EXCERPTED DATA section start
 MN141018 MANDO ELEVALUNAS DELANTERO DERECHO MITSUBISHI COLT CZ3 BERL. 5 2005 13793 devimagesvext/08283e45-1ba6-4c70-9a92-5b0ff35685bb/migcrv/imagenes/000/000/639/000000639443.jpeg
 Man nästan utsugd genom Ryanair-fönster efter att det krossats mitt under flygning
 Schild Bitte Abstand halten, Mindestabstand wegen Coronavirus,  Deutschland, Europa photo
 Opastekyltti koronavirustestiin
EXCERPTED DATA section end
EXCERPTED DATA section start
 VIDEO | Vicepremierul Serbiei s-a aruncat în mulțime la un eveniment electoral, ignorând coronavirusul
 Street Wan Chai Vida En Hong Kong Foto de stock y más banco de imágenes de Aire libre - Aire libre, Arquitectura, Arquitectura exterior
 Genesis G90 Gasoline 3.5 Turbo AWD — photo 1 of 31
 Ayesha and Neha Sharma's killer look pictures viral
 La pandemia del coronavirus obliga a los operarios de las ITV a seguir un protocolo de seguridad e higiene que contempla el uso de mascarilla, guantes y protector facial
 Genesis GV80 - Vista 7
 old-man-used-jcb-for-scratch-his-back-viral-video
EXCERPTED DATA section end
**DIRECTIONS FOR THIS TASK:**
In the entries above, find the line with "VIDEO | Vicepremierul" and the line with "Ayesha and Neha", then set down exactly those two and every line between them, nothing else.

**ANSWER SPACE:**
 VIDEO | Vicepremierul Serbiei s-a aruncat în mulțime la un eveniment electoral, ignorând coronavirusul
 Street Wan Chai Vida En Hong Kong Foto de stock y más banco de imágenes de Aire libre - Aire libre, Arquitectura, Arquitectura exterior
 Genesis G90 Gasoline 3.5 Turbo AWD — photo 1 of 31
 Ayesha and Neha Sharma's killer look pictures viral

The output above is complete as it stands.